Chatbots: the more things change, the more they are the same

One of the delights of being a millennial is that every new technology fad looks completely novel, even if it isn’t. That thought crossed my mind when attending a DialogFlow workshop at Google Brussels a couple of weeks ago.

Photo of Amazon Echo Dot and Google Home Mini

In our times of ever accelerating change, technological generations last shorter and shorter. The World Wide Web — better known as the Internet — went mainstream 25 years ago, mobile (voice) telephony followed 7 years later. The smartphone as we know it is barely 10 years old. Data science reached the age of consent — sexiest job, remember — just 5 years ago. And if you believe the newspapers, the age of artificial intelligence has now finally arrived. With — would you believe it — the chatbot aka conversational interface as one of its poster children.

Back to Google. Looking around in their classroom, I seemed to be the only attendee older than 35. By a wide margin, I must admit. Logically, most of the digital natives in the room started their professional life around or after the arrival of the iPhone. Which means they were not yet around during the early years of speech-driven phone applications and call center automation, say the beginning of this century and millennium.

Nostalgia alert: who remembers nowadays the fully automated speech services offered in the (phone) cloud by companies such as Tellme Networks (a former employer of mine), BeVocal, and Voxeo? Let alone 20-year old technologies like VoiceXML or the Speech Synthesis Markup Language aka SSML?
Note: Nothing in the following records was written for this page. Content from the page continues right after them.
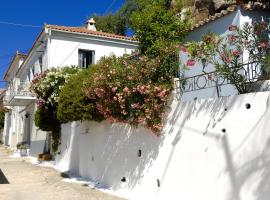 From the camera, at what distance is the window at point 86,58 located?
24609mm

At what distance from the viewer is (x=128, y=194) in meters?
11.5

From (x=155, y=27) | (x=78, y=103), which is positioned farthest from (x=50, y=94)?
(x=78, y=103)

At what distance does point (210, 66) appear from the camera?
13312mm

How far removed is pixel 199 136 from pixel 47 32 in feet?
54.1

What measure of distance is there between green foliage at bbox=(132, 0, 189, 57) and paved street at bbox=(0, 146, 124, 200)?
6.41m

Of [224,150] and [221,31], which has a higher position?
[221,31]

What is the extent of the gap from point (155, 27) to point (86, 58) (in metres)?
8.85

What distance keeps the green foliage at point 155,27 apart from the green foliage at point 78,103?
154 inches

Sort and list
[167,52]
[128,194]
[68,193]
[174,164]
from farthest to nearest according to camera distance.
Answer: [68,193] < [128,194] < [167,52] < [174,164]

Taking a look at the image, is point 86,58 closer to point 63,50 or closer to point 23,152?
point 63,50

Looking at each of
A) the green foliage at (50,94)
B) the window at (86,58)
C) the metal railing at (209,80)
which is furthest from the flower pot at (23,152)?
the metal railing at (209,80)

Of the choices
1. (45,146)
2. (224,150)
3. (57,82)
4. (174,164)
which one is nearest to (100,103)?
(174,164)

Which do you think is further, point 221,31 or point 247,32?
point 221,31

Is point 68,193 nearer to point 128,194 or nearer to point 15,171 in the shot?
point 128,194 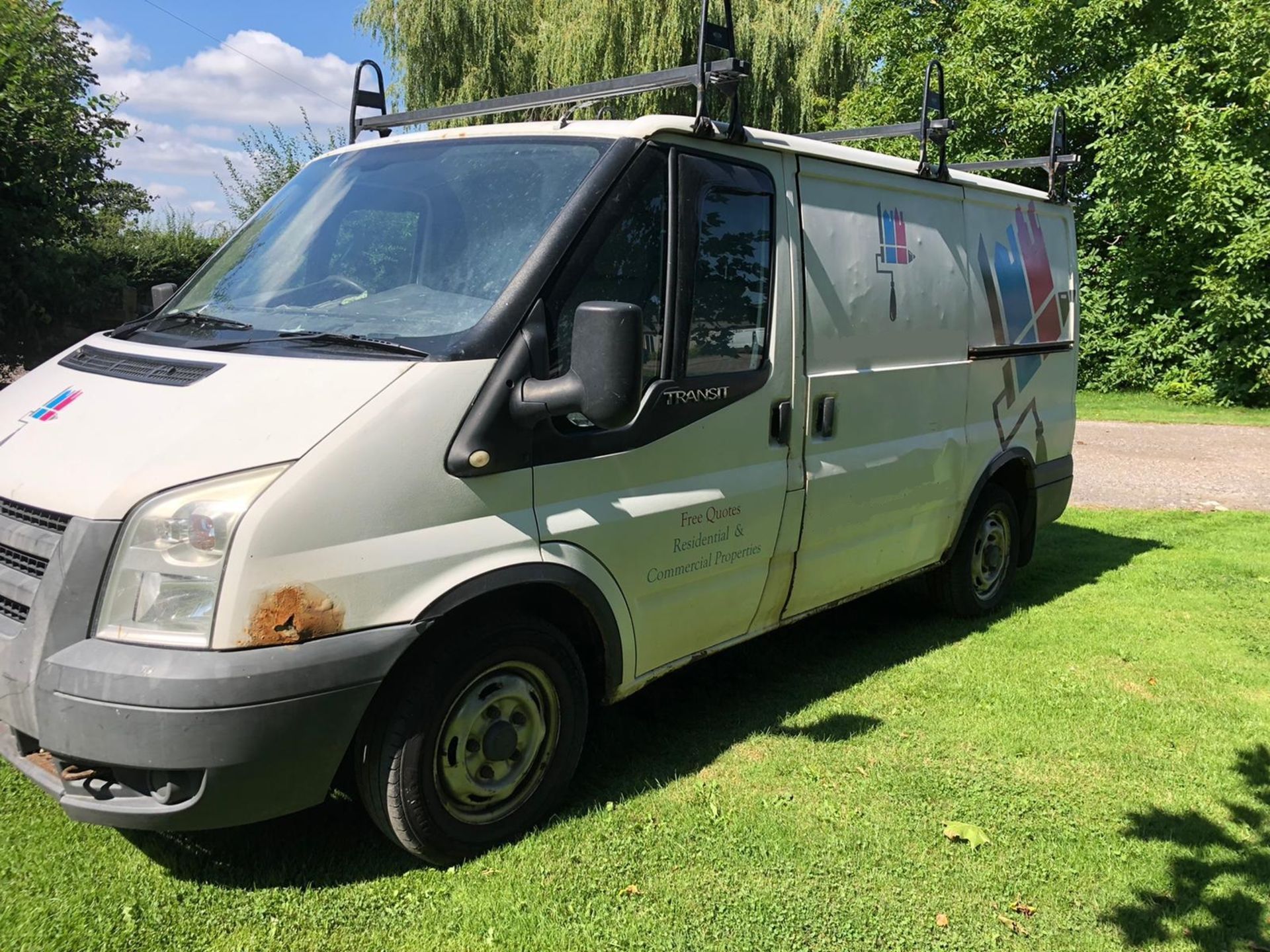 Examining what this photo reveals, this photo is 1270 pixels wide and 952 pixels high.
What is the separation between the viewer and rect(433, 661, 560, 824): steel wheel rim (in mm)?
3229

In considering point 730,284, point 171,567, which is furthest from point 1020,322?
point 171,567

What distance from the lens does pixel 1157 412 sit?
16781 millimetres

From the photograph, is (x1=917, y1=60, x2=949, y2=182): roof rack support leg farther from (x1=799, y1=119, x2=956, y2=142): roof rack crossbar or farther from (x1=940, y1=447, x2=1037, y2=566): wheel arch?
(x1=940, y1=447, x2=1037, y2=566): wheel arch

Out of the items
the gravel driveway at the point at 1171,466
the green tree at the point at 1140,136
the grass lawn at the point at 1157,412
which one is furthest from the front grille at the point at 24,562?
the green tree at the point at 1140,136

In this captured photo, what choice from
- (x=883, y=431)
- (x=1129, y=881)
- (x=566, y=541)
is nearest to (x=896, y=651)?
(x=883, y=431)

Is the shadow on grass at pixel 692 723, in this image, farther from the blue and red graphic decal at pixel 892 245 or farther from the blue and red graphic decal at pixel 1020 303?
the blue and red graphic decal at pixel 892 245

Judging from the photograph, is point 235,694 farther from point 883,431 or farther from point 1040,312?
point 1040,312

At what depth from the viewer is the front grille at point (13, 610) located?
9.36ft

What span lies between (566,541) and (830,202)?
2.14m

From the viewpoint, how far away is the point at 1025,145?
1944 cm

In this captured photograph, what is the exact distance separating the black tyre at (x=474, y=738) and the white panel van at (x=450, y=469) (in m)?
0.01

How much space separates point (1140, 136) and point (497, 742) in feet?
57.6

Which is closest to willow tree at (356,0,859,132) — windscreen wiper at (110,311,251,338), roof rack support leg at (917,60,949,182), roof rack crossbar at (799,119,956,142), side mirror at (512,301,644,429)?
roof rack crossbar at (799,119,956,142)

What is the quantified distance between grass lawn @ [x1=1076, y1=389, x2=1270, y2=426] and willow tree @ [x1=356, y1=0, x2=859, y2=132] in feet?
26.6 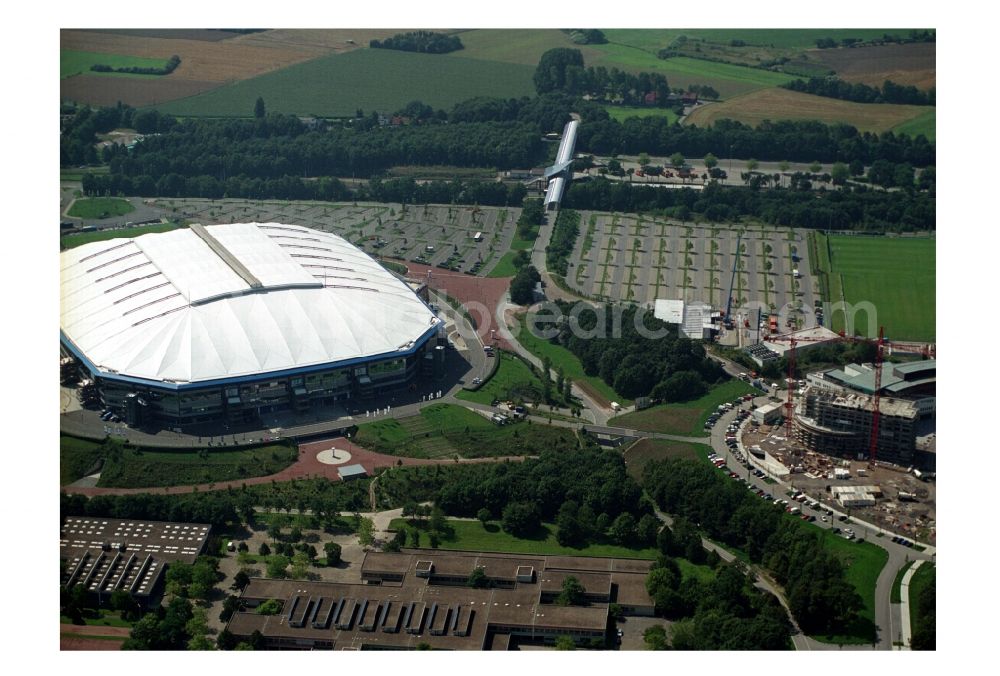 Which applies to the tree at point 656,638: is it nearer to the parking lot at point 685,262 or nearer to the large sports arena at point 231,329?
the large sports arena at point 231,329

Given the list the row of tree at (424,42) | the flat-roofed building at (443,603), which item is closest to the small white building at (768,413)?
the flat-roofed building at (443,603)

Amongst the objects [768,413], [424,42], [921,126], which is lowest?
[768,413]

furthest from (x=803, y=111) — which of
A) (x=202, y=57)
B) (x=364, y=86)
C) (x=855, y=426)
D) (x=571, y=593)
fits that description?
(x=571, y=593)

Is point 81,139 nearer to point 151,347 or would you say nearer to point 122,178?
point 122,178

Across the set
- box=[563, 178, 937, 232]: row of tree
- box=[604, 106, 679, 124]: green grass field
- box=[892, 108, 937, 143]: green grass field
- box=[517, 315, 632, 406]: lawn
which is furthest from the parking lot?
box=[892, 108, 937, 143]: green grass field

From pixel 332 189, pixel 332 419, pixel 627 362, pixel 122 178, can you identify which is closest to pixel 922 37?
pixel 627 362

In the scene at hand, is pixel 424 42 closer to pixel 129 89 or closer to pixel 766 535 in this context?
Result: pixel 129 89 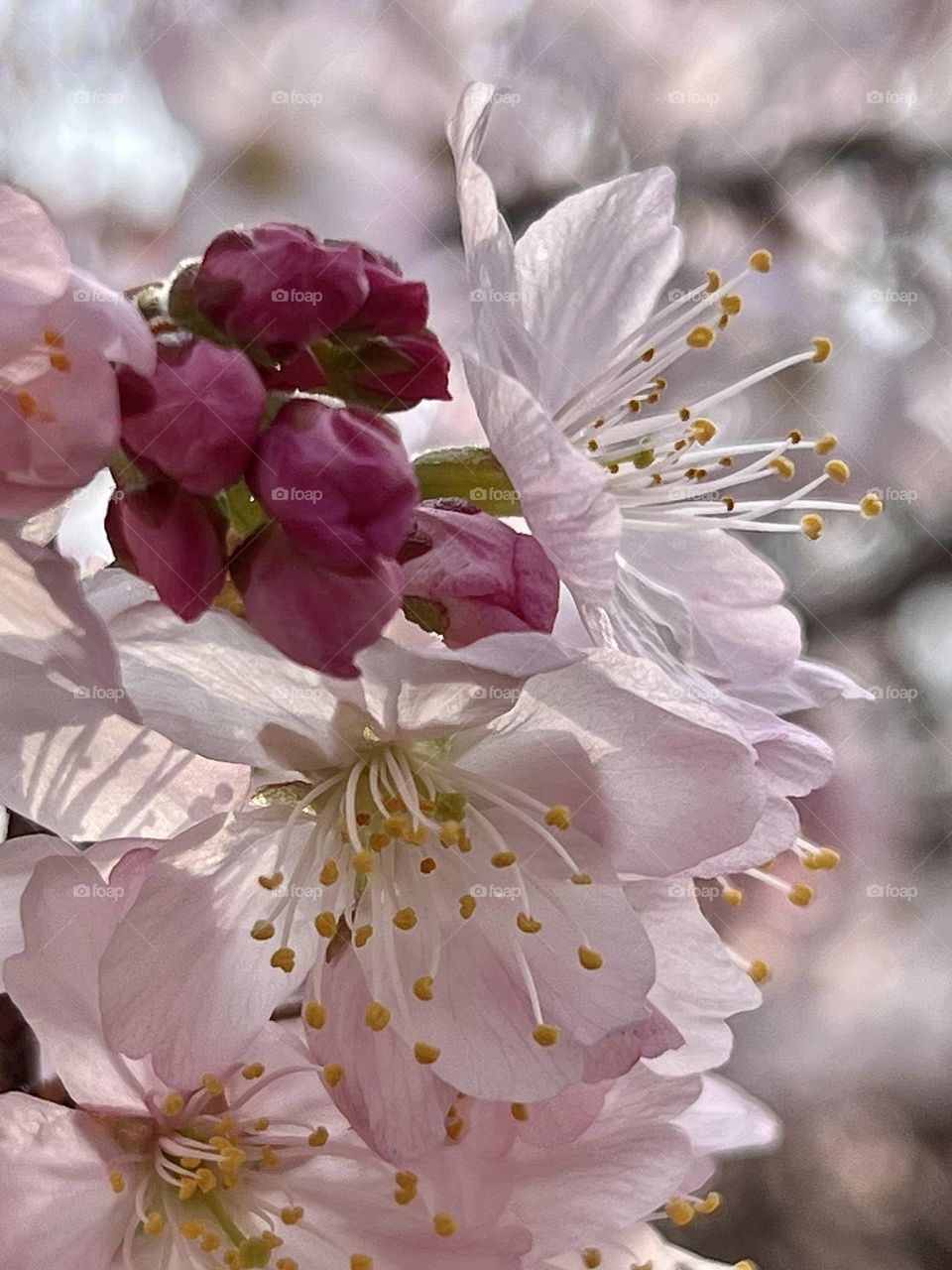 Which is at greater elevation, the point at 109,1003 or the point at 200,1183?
the point at 109,1003

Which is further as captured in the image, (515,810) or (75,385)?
(515,810)

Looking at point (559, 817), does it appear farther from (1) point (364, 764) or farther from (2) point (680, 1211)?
(2) point (680, 1211)

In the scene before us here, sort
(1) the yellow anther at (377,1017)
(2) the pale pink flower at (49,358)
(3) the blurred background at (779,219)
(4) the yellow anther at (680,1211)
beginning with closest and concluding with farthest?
1. (2) the pale pink flower at (49,358)
2. (1) the yellow anther at (377,1017)
3. (4) the yellow anther at (680,1211)
4. (3) the blurred background at (779,219)

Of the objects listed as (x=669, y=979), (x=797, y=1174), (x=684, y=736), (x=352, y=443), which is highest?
(x=352, y=443)

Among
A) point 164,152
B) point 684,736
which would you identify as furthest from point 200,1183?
point 164,152

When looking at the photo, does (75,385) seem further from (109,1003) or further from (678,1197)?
(678,1197)

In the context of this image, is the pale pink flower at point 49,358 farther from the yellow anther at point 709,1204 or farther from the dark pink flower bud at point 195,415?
the yellow anther at point 709,1204

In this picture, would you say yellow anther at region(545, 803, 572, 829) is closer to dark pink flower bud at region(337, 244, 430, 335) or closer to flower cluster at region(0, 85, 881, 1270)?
flower cluster at region(0, 85, 881, 1270)

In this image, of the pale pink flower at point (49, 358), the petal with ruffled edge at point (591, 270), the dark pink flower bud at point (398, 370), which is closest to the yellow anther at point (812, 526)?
the petal with ruffled edge at point (591, 270) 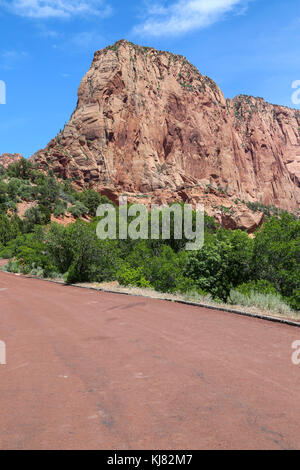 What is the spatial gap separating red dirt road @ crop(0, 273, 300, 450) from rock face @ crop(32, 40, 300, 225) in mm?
50408

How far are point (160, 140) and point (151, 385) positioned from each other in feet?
230

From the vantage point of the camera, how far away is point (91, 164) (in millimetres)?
59719

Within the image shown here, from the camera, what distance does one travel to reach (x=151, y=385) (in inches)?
165

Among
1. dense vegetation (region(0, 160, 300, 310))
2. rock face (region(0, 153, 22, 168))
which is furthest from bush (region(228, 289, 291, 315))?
rock face (region(0, 153, 22, 168))

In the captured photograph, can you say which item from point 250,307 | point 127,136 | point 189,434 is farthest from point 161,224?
point 127,136

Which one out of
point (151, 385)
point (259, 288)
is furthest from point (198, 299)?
point (151, 385)

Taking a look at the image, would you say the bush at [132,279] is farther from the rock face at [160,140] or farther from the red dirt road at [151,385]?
the rock face at [160,140]

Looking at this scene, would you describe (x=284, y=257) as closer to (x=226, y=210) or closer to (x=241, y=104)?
(x=226, y=210)

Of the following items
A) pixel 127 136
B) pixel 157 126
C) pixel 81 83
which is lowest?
pixel 127 136

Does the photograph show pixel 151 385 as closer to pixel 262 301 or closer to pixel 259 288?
pixel 262 301

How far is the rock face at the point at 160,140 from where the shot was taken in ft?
199

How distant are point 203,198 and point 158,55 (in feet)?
134

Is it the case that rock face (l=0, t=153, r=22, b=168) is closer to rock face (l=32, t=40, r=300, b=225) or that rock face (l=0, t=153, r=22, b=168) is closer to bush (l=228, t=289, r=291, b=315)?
rock face (l=32, t=40, r=300, b=225)

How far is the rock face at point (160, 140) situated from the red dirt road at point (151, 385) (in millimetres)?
50408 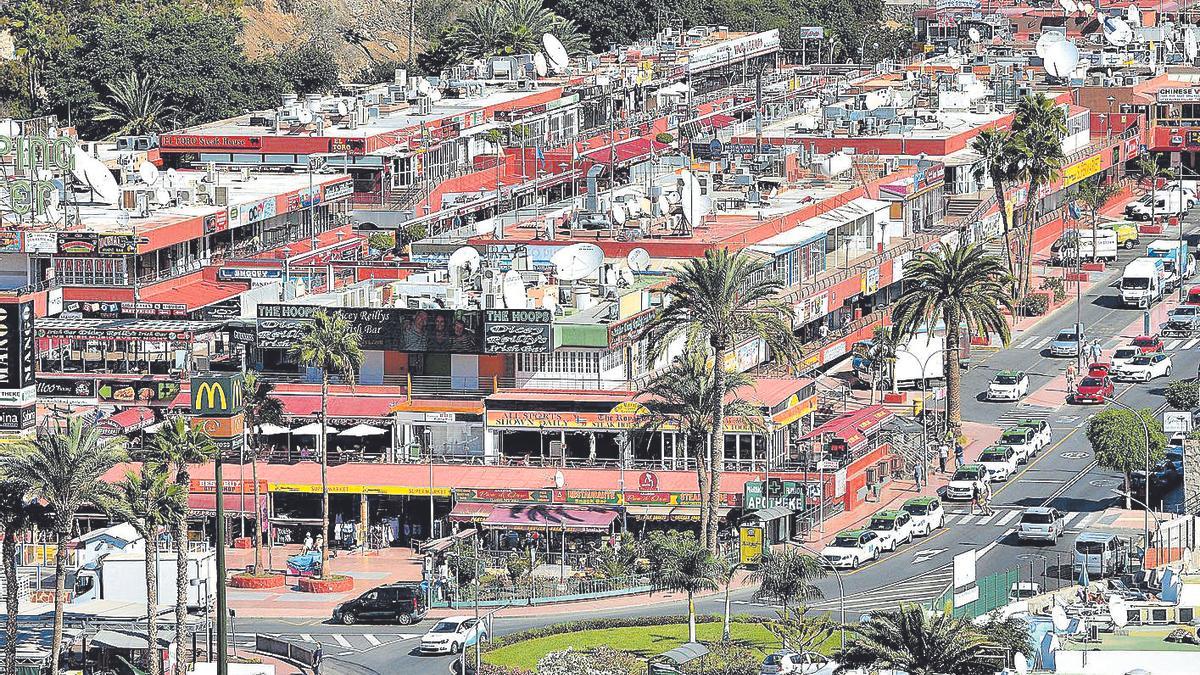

I’m afraid I do. For the simple reason that for the better part of a decade, I made a living out of building voice applications with said platforms and technologies. Pleasant surprise: SSML has survived the generational gap. It is actively supported in the Google Actions Simulator.

So when I asked our instructor if Google Assistant offered shared revenue models like the toll numbers in the years before the smartphone GUI replaced the voice channel for mobile information access, he was speechless at first. Then he asked politely if I could repeat the question. By the way: the answer was no, even though technically speaking, there is certainly room for such business models on the fulfillment side, using some form of account linking and automated payment provider.

Since the workshop, I have dabbled with a toy chatbot for Google DialogFlow and Actions. My first impression is that the democratization of chatbot development is both a curse and a blessing. The innate volatility of spoken conversation makes that the quality of the interaction depends at least as much on conversational interface design as on the technical platform it is implemented on. Nothing new there, i’m afraid: user friendly, intuitive web interfaces like DialogFlow won’t change that. In fact, despite Google’s own agent design guidelines, the ease of the point & click development interface might and will trick some developers into thinking that chatbots are easy to build. Quod non.

A few years into the VoiceXML era, the advent of integrated, multi-platform tools for application development like VoiceObjects made it easier for the industry to shift from bare bones VoiceXML programming (a coding job) to the art of conversational interface design (a voice user interface specialist’s job). In the Amazon Alexa and Google Home era, voice application framework providers like jovo may benefit from studying these ancient precedessors, lest they reinvent the wheel.

In that respect, a timeless book still worth reading is Voice User Interface Design by James P. Giangola and Jennifer Balogh. I bought it in … 2004.